■ MATERIAL PROVIDED:

-- Opening Marker --

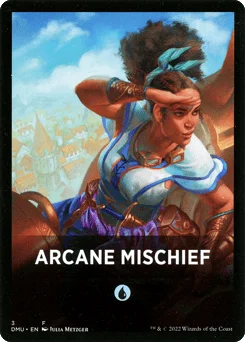 Arcane Mischief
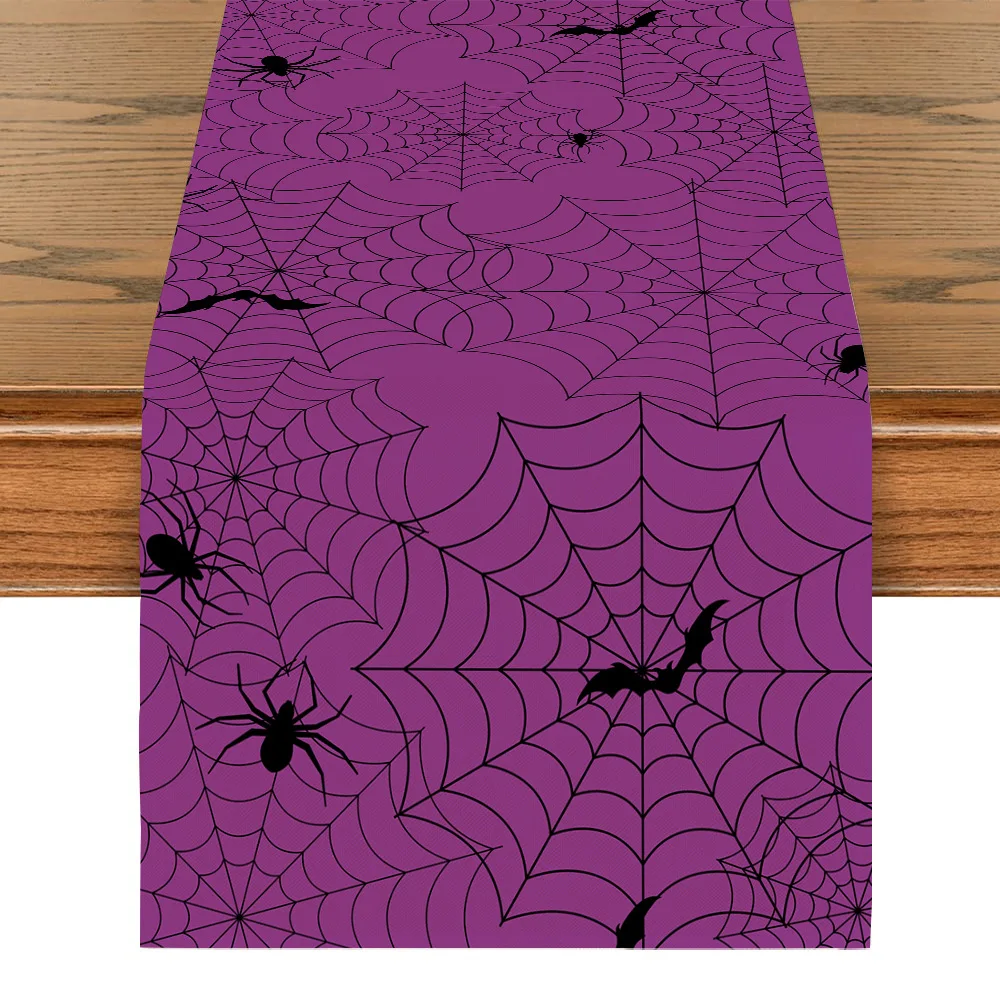 Halloween Throw Pillowcase Digital Printed Cat Pattern Cushion Cover Pumpkin Pattern Pillowcase For Halloween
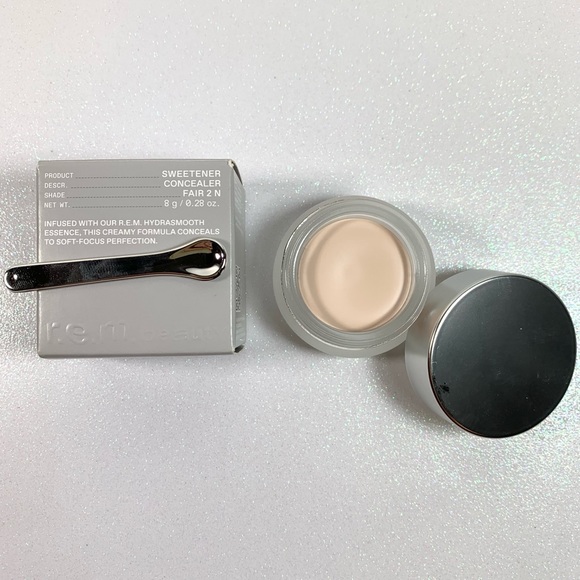 Rem Beauty Makeup Rem Beauty Sweetener Concealer Fair 2 N Poshmark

-- Closing Marker --

■ PROBLEM TO SOLVE: Your copy of the data should match it exactly, apart from the images, which are omitted.

■ RESPONSE FOR THIS EXERCISE:
 Arcane Mischief
 Halloween Throw Pillowcase Digital Printed Cat Pattern Cushion Cover Pumpkin Pattern Pillowcase For Halloween
 Rem Beauty Makeup Rem Beauty Sweetener Concealer Fair 2 N Poshmark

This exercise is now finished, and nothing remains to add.